- **Requirement**
Once the line holding "[P09] Balconul exterior" is found in the entries below, transcribe exactly every line up to and including the one holding "<b>LIKE</b> = Votează", but leave out the pictures.

- **Supplied information**
──────────

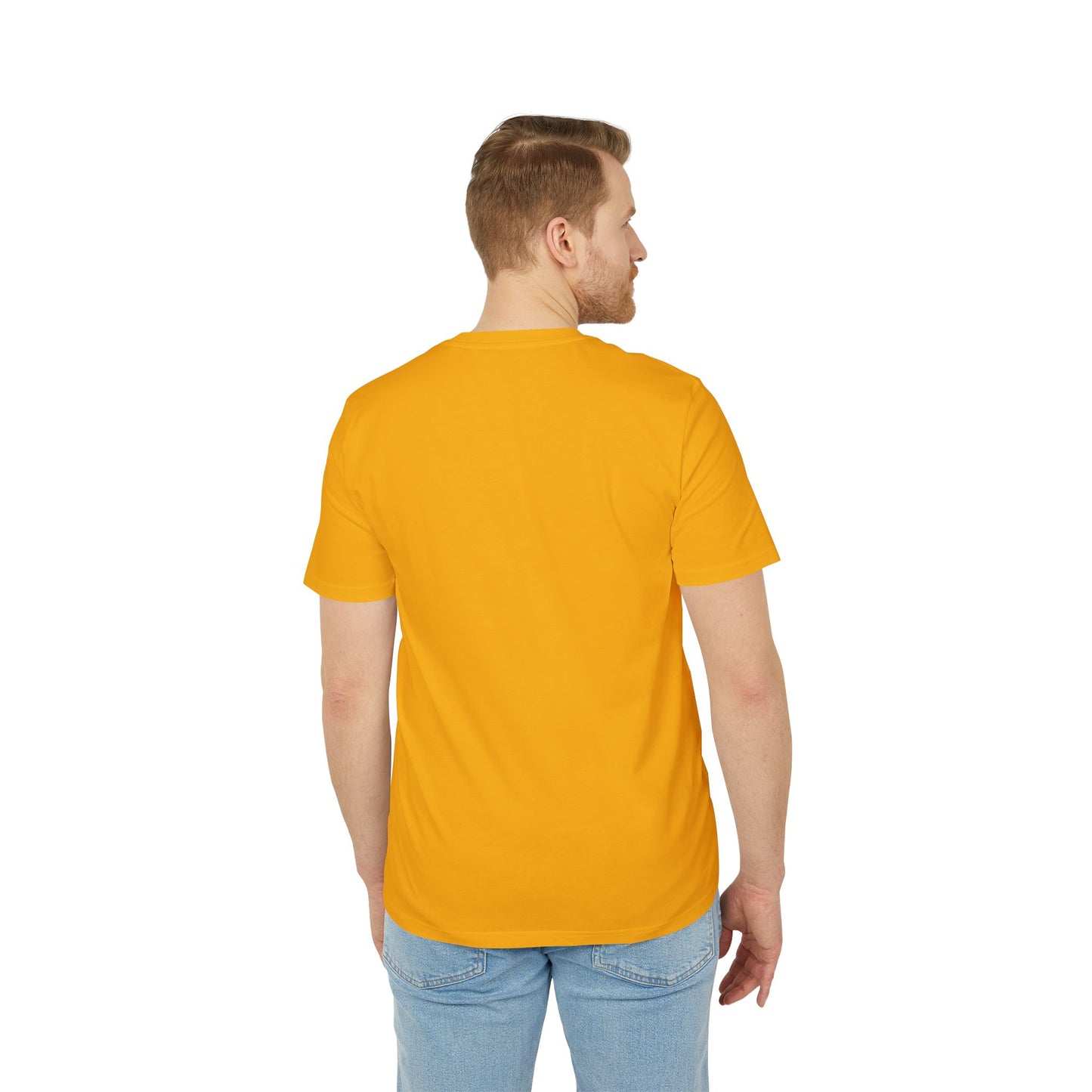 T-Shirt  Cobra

──────────

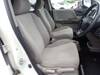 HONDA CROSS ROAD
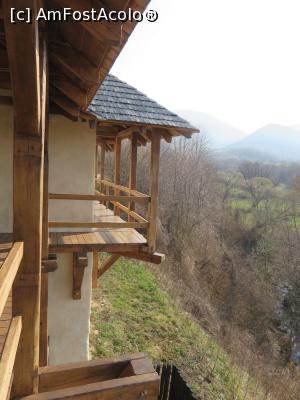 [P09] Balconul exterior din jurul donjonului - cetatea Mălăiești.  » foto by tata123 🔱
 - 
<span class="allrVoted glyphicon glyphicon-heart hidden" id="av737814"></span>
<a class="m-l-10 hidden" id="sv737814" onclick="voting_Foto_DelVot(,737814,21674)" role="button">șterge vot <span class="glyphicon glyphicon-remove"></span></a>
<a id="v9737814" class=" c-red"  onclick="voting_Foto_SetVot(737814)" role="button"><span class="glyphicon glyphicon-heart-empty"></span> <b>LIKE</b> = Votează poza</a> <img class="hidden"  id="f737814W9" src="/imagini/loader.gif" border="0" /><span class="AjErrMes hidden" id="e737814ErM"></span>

──────────

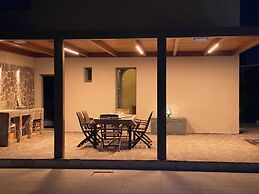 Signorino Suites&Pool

──────────

- **Task output**
 [P09] Balconul exterior din jurul donjonului - cetatea Mălăiești.  » foto by tata123 🔱
 - 
<span class="allrVoted glyphicon glyphicon-heart hidden" id="av737814"></span>
<a class="m-l-10 hidden" id="sv737814" onclick="voting_Foto_DelVot(,737814,21674)" role="button">șterge vot <span class="glyphicon glyphicon-remove"></span></a>
<a id="v9737814" class=" c-red"  onclick="voting_Foto_SetVot(737814)" role="button"><span class="glyphicon glyphicon-heart-empty"></span> <b>LIKE</b> = Votează poza</a> <img class="hidden"  id="f737814W9" src="/imagini/loader.gif" border="0" /><span class="AjErrMes hidden" id="e737814ErM"></span>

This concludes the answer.